Governo aprova primeiro pacote sobre descentralização mas municípios ainda querem “ver” o dinheiro

Generalidade dos autarcas está de acordo com a descentralização de competências, desde que seja acompanhada pelas verbas necessárias para dar conta do recado

Foto: Gonçalo Dourado

O Governo aprovou esta quinta-feira, dia 13 de Setembro, o primeiro conjunto de diplomas da lei que estabelece a transferência de competências do Estado central para as autarquias locais. Os documentos aprovados em Conselho de Ministros são indispensáveis para aplicação da nova lei, aprovada há menos de um mês, e para que os municípios que assim o desejem assumam, já em 2019, alguns dos poderes que serão descentralizados.

Os diplomas aprovados ontem dizem respeito a diversas áreas, entre as quais justiça, policiamento de proximidade, promoção turística, proteção civil, licenciamento de jogos e limpeza de zonas balneares. Ou seja, ainda não foram aprovados os documentos que regulamentarão outros setores, bem mais quentes, como a saúde e a educação.

Da parte das autarquias, nomeadamente as do Algarve, a posição é clara: mais competências só serão bem-vindas se acompanhadas de financiamento suficiente.

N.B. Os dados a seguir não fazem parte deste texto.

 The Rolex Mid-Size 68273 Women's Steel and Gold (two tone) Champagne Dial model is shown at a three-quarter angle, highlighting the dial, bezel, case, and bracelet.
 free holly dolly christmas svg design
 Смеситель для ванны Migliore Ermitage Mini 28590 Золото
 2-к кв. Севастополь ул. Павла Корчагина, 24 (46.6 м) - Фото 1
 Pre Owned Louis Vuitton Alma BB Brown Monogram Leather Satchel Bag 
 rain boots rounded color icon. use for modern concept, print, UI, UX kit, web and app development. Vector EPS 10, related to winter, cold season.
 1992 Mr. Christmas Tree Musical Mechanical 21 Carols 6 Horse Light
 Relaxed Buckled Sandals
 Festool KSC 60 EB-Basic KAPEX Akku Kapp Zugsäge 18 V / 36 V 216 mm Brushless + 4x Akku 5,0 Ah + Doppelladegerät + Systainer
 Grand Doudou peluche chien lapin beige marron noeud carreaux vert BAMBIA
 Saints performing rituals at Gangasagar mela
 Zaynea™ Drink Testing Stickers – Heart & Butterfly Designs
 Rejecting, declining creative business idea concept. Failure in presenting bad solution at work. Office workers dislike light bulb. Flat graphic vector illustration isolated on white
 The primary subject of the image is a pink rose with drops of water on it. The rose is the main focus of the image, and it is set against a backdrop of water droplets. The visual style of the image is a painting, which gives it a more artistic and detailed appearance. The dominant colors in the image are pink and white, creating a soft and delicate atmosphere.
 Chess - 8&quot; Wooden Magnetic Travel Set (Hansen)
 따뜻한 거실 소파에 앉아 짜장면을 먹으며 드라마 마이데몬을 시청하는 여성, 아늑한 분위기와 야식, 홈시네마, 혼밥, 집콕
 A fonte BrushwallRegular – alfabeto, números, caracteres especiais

Afinal, há muito que os municípios portugueses assumem competências que eram, por norma, do Estado central, como, por exemplo, a gestão das escolas de ensino básico. Mas, até agora, este assumir de responsabilidades era feito no âmbito de uma contratualização. Com a nova lei, passa a ser uma competência geral das autarquias, ou seja, obrigatória.

Ainda assim, haverá um período de adaptação, em que a transferência de competências é voluntária. Até às próximas eleições autárquicas,  que terão lugar no Outono de 2021, as Câmaras e Juntas de Freguesia apenas assumirão aquilo que entenderem – podendo, mesmo, não aceitar nenhuma nova incumbência.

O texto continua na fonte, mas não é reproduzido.